### STORED DATA
______

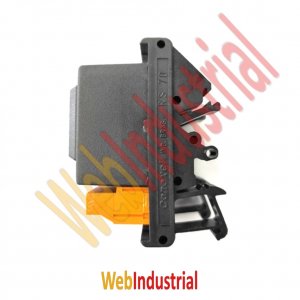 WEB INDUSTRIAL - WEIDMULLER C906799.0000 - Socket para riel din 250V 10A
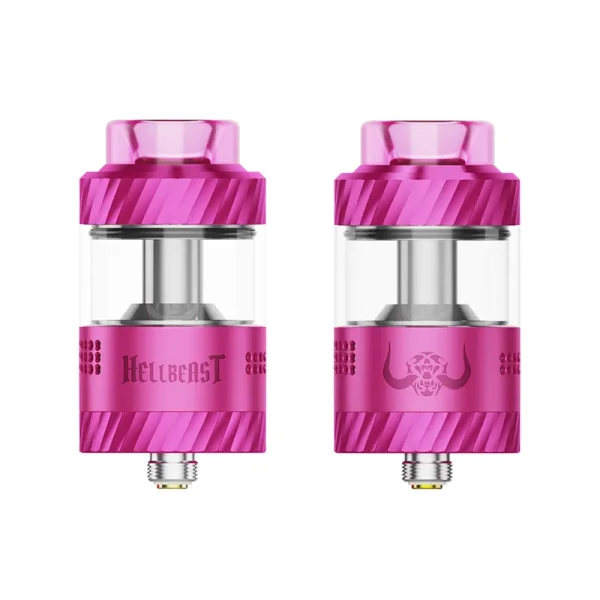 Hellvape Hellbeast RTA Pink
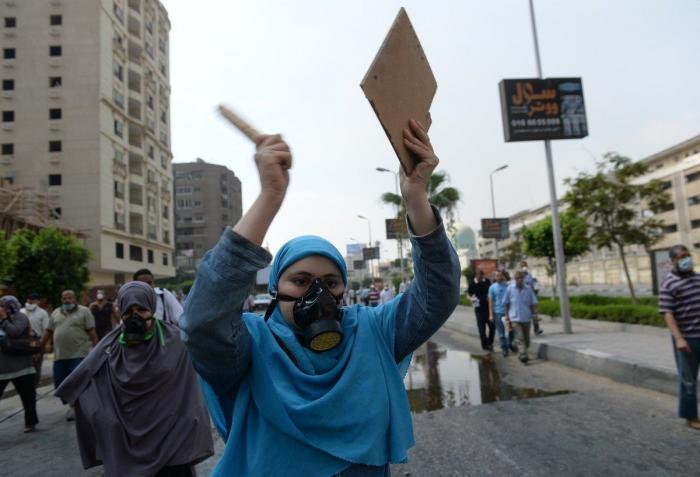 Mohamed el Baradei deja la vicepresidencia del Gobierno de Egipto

______

Please reproduce all the material exactly. Pictures stay out of the copy.

### OUTPUT BELOW
 WEB INDUSTRIAL - WEIDMULLER C906799.0000 - Socket para riel din 250V 10A
 Hellvape Hellbeast RTA Pink
 Mohamed el Baradei deja la vicepresidencia del Gobierno de Egipto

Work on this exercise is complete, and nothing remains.